GL: What do media theorists in recession do?
PL: I see the big tent metaphor dissolving. In flush times,
there's always the possibility that money alone will paper over
fundamental differences. So artists and intellectuals did a kind
of dance to get money from chip makers and design consultancies,
and industrialists kept hoping that an "aesthetic dividend"
would accrue to their bottom line if they let artists hang around.
The big tent is fun while it lasts (I'll admit to more than own
share of junketeering), but when the circus moves on it encourages
people to relinquish their fantasies of mutability and omnipotence.
By this, I mean the way in which during the boom people began to
believe the hype that the computer allows everyone to become everything.
Under this digital alchemy, only those fools who don't "get
it" discuss limits.
GL: Do you see any counter-cyclical activities spurring
up?
PL: The most important social movement of our time -- the
protest against globalization is precisely an attempt to
come to grips with limits while at the same time encouraging hope
for the future. The culture in general seems to be more aware of
the need to support infrastructures of all kinds. For close on three
decades, people were promised that privatization could solve all
their ills, but many of those ills still exist and new ones have
emerged. I was impressed by a recent proposal by Rana Dasgupta out
of the Indian Sarai new media institute. To develop a public domain
audit for various countries, a counterpoint to the obsession rankings
of GDPs and GNPs. We need precisely this kind of alternative categorization
of "the good" in order to move beyond the myopia of markets.
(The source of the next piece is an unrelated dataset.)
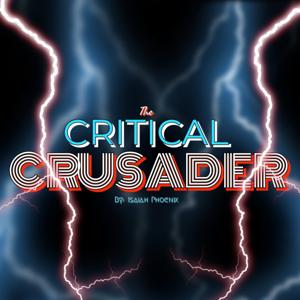 The Critical Crusader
GL: Can we talk about the preoccupation of new media theory
with "the" future? One thing I've noticed about your writing
is that it tends to be encapsulated within existing reality. Is
there such a thing as "Californian dreaming" which would
take us to yet unknown places? Is it out of context to talk about
and prototype media-driven utopias? Would dreaming be the opposite
of nostalgia? Is there only an intensification of the present possible,
and desirable?
PL: I don't think I'm preoccupied with the future. I know
I'm an enemy of nostalgia, and I'm pretty sure I'm victim of an
obsession with the present. My first "User" column for
art/text magazine was called "Permanent Present," and
concerns the way in which for all the hype our visual
culture is not that much different than it was in the mid-80s, after
the advent of the Mac' s GUI and the impact of Blade Runner's retro-deco
aesthetic. I happen to loathe the idea of "futurism" as
a discipline, and find myself much more interested in explicating
"now" rather than the "next." I prefer to encounter
other people's fantasies of mutable environments and interactive
nanotech in science fiction rather than science-fictionalized discourse.
I tend to keep my daydreams to myself.
GL: With Kodwo Eshun you are saying: everything still needs
to be done. What is the role of the critic in all of this?
PL: I approach criticism as a way to elucidate that which
I admire about art rather than simply trying to fit it into a preconceived
straightjacket. I'd like to think that I've been able to explore
that ferocious pluralism I mentioned earlier which so characterizes
our era. This is disconcerting to those who pine for the certainties
of movements, schools, or avant-gardes that marched in lockstep,
one after the other. These days, you're on your own, it's up to
the individual user to craft his or her own frameworks. Part of
the job of the critic is to offer models for this process.